服务器异常断电,重启后集群无法自动启动,执行crsctl start crs时显示
/u01/app/11.2.0/grid/bin/crsctl start crs
CRS-4124: Oracle High Availability Services startup failed.
CRS-4000: Command Start failed, or completed with errors.
集群日志无任何信息,仅主机日志有
grid: [ID 702911 user.error] exec /u01/app/grid/product/11.2.0/grid/perl/bin/perl -I/u01/app/grid/product/11.2.0/grid/perl/lib /u01/app/grid/product/11.2.0/grid/bin/crswrapexece.pl
/u01/app/grid/product/11.2.0/grid/crs/install/s_crsconfig_racdb01_env.txt /u01/app/grid/product/11.2.0/grid/bin/ohasd.bin "reboot"
解决方法:
SOLUTION
WORKAROUND: ----------- Clear all sockets under /var/tmp/.oracle or /tmp/.oracle if any and then open two terminals of the same node, where stack is not coming up. 1) On Terminal 1 , issue as Root user :-
crsctl start crs
2) Simultaneously , open another terminal of the same node and issue the below command as Root user once the npohasd socket has been created.
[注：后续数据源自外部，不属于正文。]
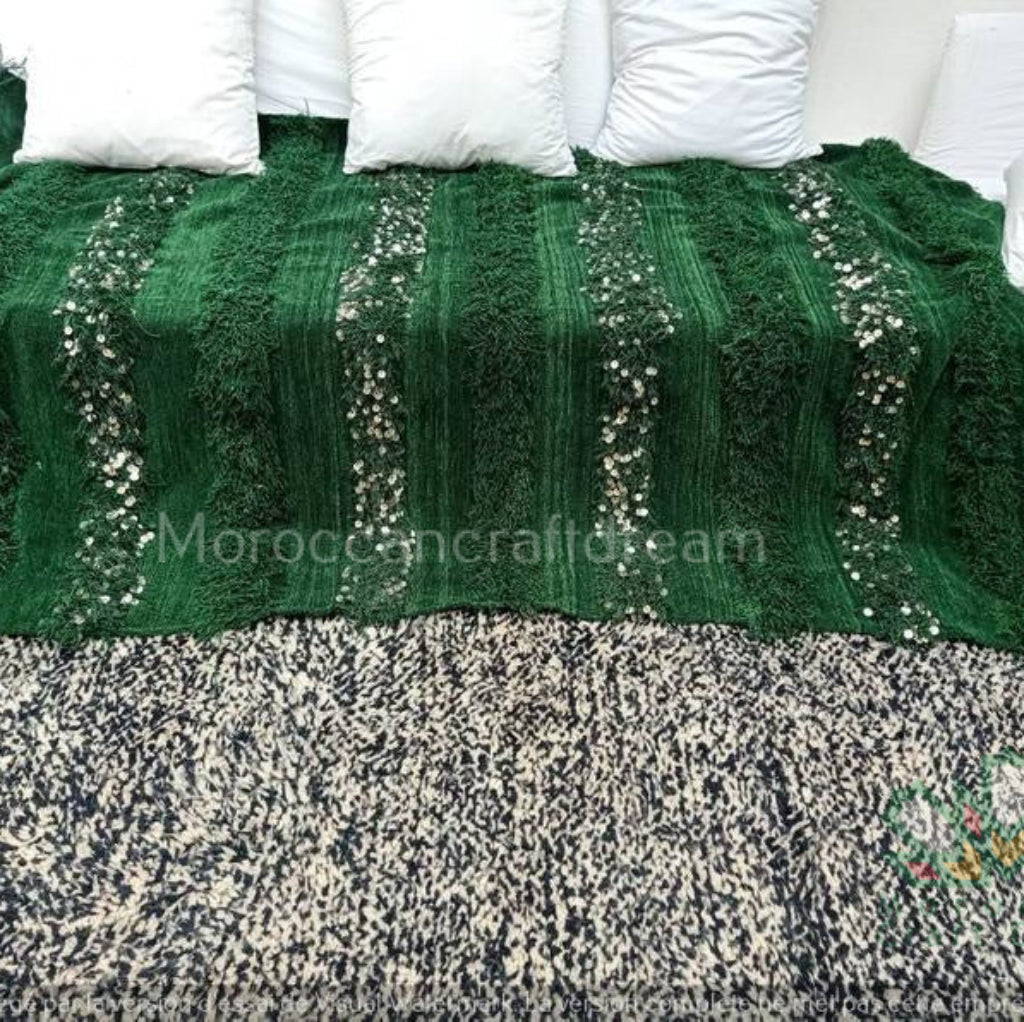 Handcrafted Blanket Throw Green for beds and rooms HB1GN2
/bin/dd if=/tmp/.oracle/npohasd of=/dev/null bs=1024 count=1
3) Now if you check on terminal 1 , the CRS stack would start coming up.
ps -ef |grep d.bin
4) Once entire CRS stack is up, you can press CTRL+C and come out of the dd command running on 2nd terminal.
Check and validate all resources are online using
crsctl stat res -t
crsctl stat res -t -init
参考文档
Cluster Failed to Start Due to Problem With Socket Pipe npohasd (文档 ID 1612325.1)
诊断 Grid Infrastructure 启动问题 (文档 ID 1623340.1)